Yasuto se sentó solemne ante el instrumento. Con la ancestral seriedad de su raza, con la dignidad de ser un músico imperial, pero aquella vez también con el secular respeto por lo argentino. Y empezó a tocar el Koto, la tradicional cítara japonesa en un singular concierto. Diez veces interpretó en forma continua Santa Maradona de Mano Negra frente a un azorado auditorio. Quienes se atrevieron a mirar de reojo al emperador juran que Naruhito sonreía con aprobación. Y que incluso solicitó cierto tema de Rodrigo que era el preferido del astro. Por cierto, Yasuto lo complació, 10 veces más.
Infinito
Todo tan movilizante... Se puso en marcha y partió desde las lejanías de Europa, del cinturón de lunas de Júpiter. Surcó el espacio, atravesó los campos de asteroides y la hostil mirada de Marte, y entró en la atmósfera terrestre eludiendo los satélites que no lograron escudriñarlo, y gambeteando el control defensivo de los radares. Barrilete cósmico.
La monstruosa ciudad todavía dormía, pero siempre con un ojo abierto, por lo que utilizó el camuflaje tan eficaz. Fijó las coordenadas de la nave muy por sobre la mole vacía, y con sus manos membranosas manipuló los controles con una habilidad quirúrgica. La trayectoria del láser, firme pero sutil, fue un trazo delicado y sin titubeos. Como la Mano de Dios.
En 10.6 segundos (los que le insumieron a Maradona llegar a la red en su obra maestra), completó la faena. De haber tenido cuerdas vocales, lo habría festejado como un gol. Y sus ojos iridiscentes, que no eran de este mundo, contemplaron el césped con una mirada muy humana. Después, se esfumó entre las estrellas mortecinas.

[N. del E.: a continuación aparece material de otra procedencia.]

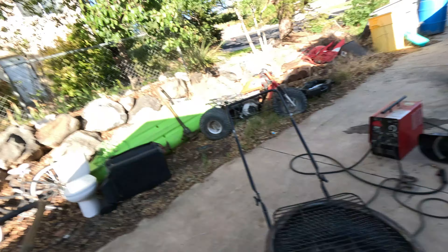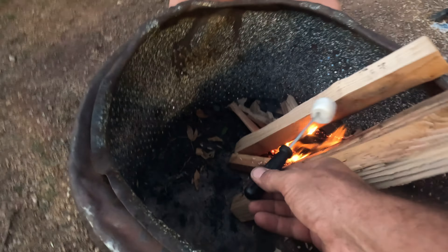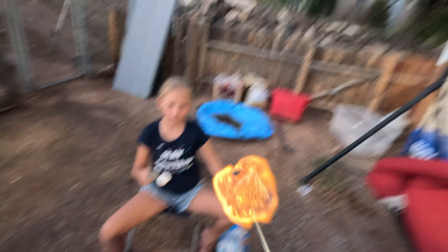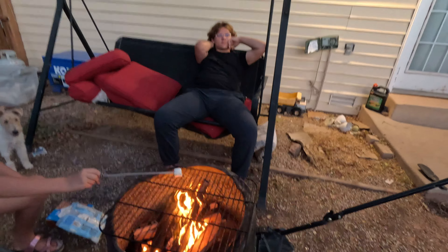Gonna do some cooking. We're going to try it out and see how it works for roasting a marshmallow. Here we go. You don't want a marshmallow, tater? No, we just don't want it. Now we're cooking. Perfect. I'm not letting you touch it for a reason. You got it all, Miller. This is how we do it.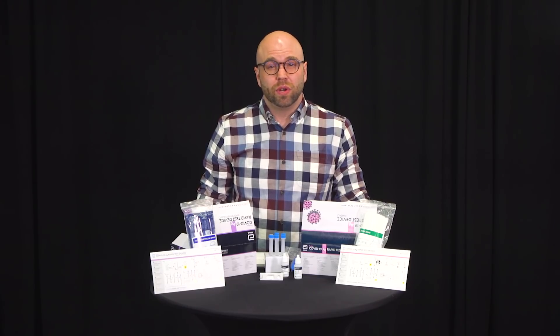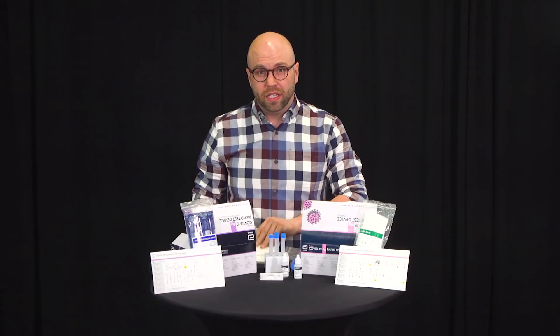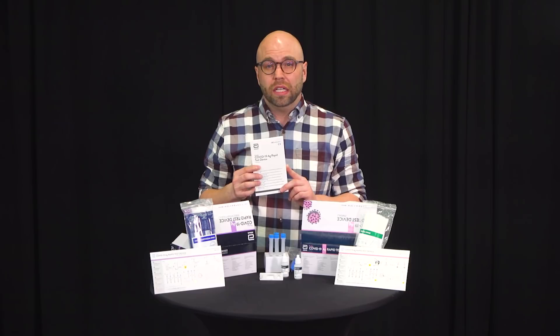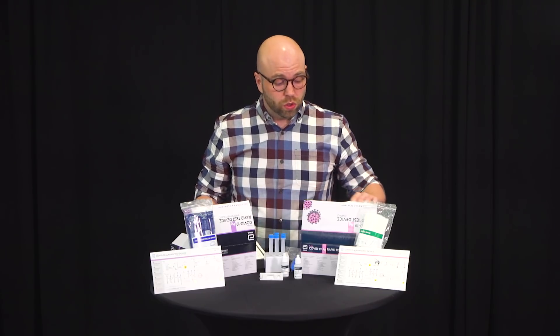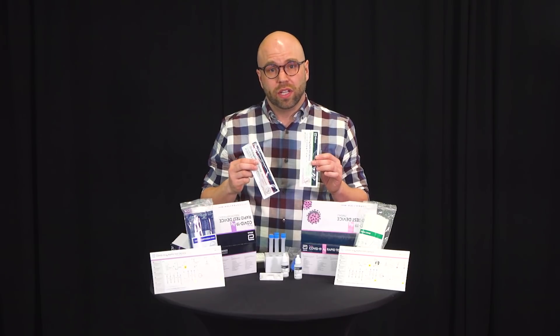The rapid test is a screening tool and not a full PCR test. When you receive your kit of 25, you'll also receive a manual. Please read the manual so that you know exactly what type of test you are performing. You'll also notice that there are two control swabs in the box.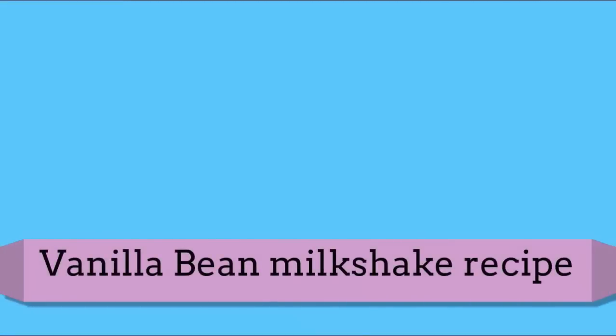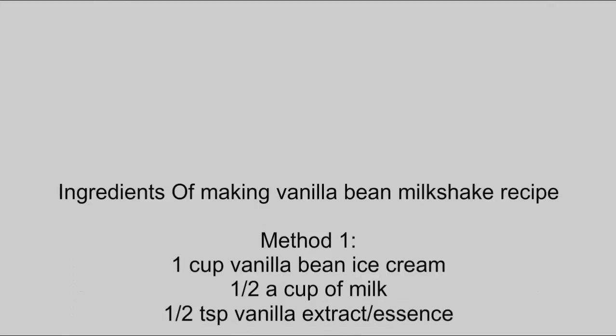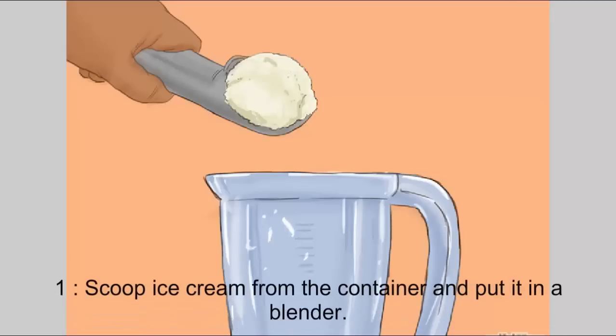Vanilla bean milkshake recipe. Ingredients: one cup vanilla bean ice cream, one half cup of milk, one half teaspoon vanilla extract. Method: step one, scoop ice cream from the container and put it in a blender.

-Doctor, allí está el helicóptero.
Ante los ojos de desamparo de Ramón, quien aún sudaba, y de Pedro y Francisco apagando una colilla tras otra, salió a la explanada en dirección a la nave. Su superior militar venía dentro.
-Soy el doctor Jaime Valdez Segovia-, se apeó ante el helicóptero.
-Suba-, le ordenaron.
Se elevaron y no hizo falta tanta altitud para que surgiera una exclamación de asombro al unísono. Ni el mismo Valdéz Segovia, con varias horas asimilando la idea, lograba mensurar el descubrimiento.
Allí abajo, sobre el césped del Azteca que se desperezaba todavía en el luto por la muerte de Diego, se veían nítidos los dos números. Estampados uno de cada lado del rectángulo de juego. Para siempre.
Un portentoso, inequívoco y desafiante número 10 en el césped.